SMMEs are still not paid within 30 days.

What is happening at national level is one thing, but the implementation process at ground level is another.

Worldwide, the major creators of jobs are the small companies younger than three or four years; but in South Africa, this sector is still battling.

“Let us make it easy for SMMEs to exist. Let us privatise certain government organisations that are supposed to support SMMEs,” says Dr Herrington.

Mentorship to small entrepreneurs and emerging businesses is pivotal. Years ago, the UCT GSB – with the support of retired volunteers – offered a system of mentorship for graduates who started their own business. “We hardly lost a loan,” he says.

“Because of the legacies of the past, where some members of society were not allowed to go into businesses, you don’t have a pool of experienced and successful entrepreneurs in all race groups.

“It is hard to get mentors, who are an essential building block to the success of business,” Dr Herrington adds.

 

National strikes could result in job losses

Ulrich Joubert, economist at Kruger International, says he visited a few business chambers in rural areas over the past few months, and found small entrepreneurs are struggling to survive.
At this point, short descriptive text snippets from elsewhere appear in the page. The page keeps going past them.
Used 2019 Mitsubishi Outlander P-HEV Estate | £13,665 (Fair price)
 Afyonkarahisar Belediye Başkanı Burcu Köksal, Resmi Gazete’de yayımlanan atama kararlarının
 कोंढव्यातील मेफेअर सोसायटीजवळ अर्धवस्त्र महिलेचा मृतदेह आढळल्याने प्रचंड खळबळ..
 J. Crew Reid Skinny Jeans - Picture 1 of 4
There are continual increases in municipal tariffs, as well as the cost implications of national strikes.

If there are general wage increases in the steel and engineering sector, the small business owner must follow suit in acknowledging wage increases.

“I can almost guarantee you that the national impact of the strike season on the small business owner is that we will see a loss of jobs within the next six to nine months,” Joubert warns.